Asked by Rangers media if Boyd reminded Hamels of a younger Hamels, the Rangers’ august ace said: “I’d say he’s better.
“He has a slider. In this day and age, if you come up with a slider, you’re going to be a success a lot more easily than what I have, which is a fastball-change-up. He really came after you. He kept firing away – more like a Cliff Lee approach.
“That slider is a devastating pitch. He definitely showed that. I like how quick he was."
Boyd indeed threw strikes all night long and put together as artistic of a pitching performance as the Tigers have seen in 2016. He struck out three, walked two, and threw 99 pitches.
Ausmus, as well as Boyd, credited pitching coach Rich Dubee with lowering Boyd’s arm slot. The less upright, more leveraged, delivery put some smoke on Boyd’s fastball and helped his slider play a bit of hide-and-seek with Rangers batters.
“It made all the difference with all four pitches,” said Boyd, whose record is now 4-2 and whose ERA dropped to 4.16 as the new delivery kicked in. “I’m just not fighting myself.”
Boyd was popped for a single in the first (Adrian Beltre) and Mitch Moreland’s double in the second. After that, nothing.
Eleven red-shirted Rangers batters in a row dissolved before Shin-Soo Choo drew a walk with one out in the seventh. It made no difference.
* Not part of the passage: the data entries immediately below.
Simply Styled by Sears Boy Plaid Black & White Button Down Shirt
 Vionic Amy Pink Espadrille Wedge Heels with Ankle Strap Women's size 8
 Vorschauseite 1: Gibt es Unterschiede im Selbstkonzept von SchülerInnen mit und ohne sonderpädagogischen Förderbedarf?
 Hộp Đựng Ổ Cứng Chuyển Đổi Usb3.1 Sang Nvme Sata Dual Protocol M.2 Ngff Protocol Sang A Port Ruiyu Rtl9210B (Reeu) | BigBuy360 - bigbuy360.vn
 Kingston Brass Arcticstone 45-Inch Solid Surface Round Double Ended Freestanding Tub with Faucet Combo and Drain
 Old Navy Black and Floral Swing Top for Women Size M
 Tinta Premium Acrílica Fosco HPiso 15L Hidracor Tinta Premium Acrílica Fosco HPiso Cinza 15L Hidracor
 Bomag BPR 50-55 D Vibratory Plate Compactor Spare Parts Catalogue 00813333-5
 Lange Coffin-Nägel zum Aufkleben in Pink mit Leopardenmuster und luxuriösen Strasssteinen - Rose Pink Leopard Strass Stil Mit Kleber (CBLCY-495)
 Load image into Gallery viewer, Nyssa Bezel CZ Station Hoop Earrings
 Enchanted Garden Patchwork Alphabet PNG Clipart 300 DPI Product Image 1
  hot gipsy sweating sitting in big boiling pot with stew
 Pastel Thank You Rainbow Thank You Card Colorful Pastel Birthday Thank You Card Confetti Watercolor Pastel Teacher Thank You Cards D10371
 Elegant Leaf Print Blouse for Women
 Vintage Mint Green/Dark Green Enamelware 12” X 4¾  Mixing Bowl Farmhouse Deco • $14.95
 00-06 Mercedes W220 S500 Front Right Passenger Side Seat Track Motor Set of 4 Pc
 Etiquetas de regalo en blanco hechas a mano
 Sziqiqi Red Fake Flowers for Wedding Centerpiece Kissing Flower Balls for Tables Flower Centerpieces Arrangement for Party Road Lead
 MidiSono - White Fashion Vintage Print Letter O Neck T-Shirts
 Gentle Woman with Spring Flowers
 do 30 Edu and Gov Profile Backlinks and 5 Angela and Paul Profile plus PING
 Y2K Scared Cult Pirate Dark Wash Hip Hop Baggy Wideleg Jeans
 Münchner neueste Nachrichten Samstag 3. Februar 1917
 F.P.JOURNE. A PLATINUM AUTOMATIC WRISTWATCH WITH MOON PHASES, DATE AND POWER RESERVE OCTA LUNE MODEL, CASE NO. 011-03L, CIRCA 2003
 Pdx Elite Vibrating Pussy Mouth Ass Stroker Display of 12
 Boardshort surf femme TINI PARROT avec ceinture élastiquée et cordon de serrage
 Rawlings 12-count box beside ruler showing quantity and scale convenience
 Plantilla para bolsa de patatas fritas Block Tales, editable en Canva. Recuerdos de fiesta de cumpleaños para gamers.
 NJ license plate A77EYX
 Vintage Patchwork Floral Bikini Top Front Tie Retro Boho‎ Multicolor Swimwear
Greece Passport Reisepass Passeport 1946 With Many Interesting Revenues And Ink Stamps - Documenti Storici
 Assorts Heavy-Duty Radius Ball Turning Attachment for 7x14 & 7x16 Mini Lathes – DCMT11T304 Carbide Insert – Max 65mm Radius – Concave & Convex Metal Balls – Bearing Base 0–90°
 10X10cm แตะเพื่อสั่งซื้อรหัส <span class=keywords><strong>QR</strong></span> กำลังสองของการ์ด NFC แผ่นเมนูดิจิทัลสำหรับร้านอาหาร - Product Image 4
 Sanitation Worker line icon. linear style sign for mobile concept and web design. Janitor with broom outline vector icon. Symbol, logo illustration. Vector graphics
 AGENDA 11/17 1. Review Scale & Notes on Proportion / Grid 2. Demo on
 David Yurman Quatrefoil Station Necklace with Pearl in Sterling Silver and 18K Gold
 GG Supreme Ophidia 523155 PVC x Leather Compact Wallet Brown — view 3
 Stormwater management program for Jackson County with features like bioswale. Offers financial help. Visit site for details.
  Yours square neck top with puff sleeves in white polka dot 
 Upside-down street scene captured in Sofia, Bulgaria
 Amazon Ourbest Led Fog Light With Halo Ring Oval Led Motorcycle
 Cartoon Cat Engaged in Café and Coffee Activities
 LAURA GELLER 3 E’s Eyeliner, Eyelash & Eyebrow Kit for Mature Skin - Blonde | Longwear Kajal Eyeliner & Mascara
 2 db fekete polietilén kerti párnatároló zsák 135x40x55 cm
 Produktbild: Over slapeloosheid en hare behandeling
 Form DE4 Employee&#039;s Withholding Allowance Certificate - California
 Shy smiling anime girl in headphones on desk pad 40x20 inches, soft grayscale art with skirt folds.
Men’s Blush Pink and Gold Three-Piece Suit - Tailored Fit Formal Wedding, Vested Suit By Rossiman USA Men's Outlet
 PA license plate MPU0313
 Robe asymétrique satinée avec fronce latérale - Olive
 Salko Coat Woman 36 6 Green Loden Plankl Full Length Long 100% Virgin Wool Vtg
Boyd put away the next two batters and left the game to Shane Greene (scoreless, hitless eighth) and to Francisco Rodriguez, who intended to make amends for some indelicate appearances from the past week.
K-Rod allowed a leadoff single to Beltre, but he got Carlos Beltran on a fly to right, then lured Rougned Odor into a ground-ball double play.
A sudden August losing streak that didn’t seem to have added up had ended – courtesy of a game that was no more understandable.